PROVIDED MATERIAL Block Start
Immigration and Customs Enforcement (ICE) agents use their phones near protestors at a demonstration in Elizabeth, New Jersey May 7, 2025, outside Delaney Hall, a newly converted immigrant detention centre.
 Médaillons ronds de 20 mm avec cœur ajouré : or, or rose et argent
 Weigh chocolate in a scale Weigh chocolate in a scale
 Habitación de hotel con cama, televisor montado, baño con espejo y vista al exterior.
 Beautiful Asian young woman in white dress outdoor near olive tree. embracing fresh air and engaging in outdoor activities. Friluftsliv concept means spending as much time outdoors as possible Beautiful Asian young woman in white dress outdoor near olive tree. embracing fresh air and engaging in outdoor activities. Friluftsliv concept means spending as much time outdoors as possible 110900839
PROVIDED MATERIAL Block End
THE TASK: Once you have read the data, reproduce all of it exactly.

WORKED SOLUTION:
Immigration and Customs Enforcement (ICE) agents use their phones near protestors at a demonstration in Elizabeth, New Jersey May 7, 2025, outside Delaney Hall, a newly converted immigrant detention centre.
 Médaillons ronds de 20 mm avec cœur ajouré : or, or rose et argent
 Weigh chocolate in a scale Weigh chocolate in a scale
 Habitación de hotel con cama, televisor montado, baño con espejo y vista al exterior.
 Beautiful Asian young woman in white dress outdoor near olive tree. embracing fresh air and engaging in outdoor activities. Friluftsliv concept means spending as much time outdoors as possible Beautiful Asian young woman in white dress outdoor near olive tree. embracing fresh air and engaging in outdoor activities. Friluftsliv concept means spending as much time outdoors as possible 110900839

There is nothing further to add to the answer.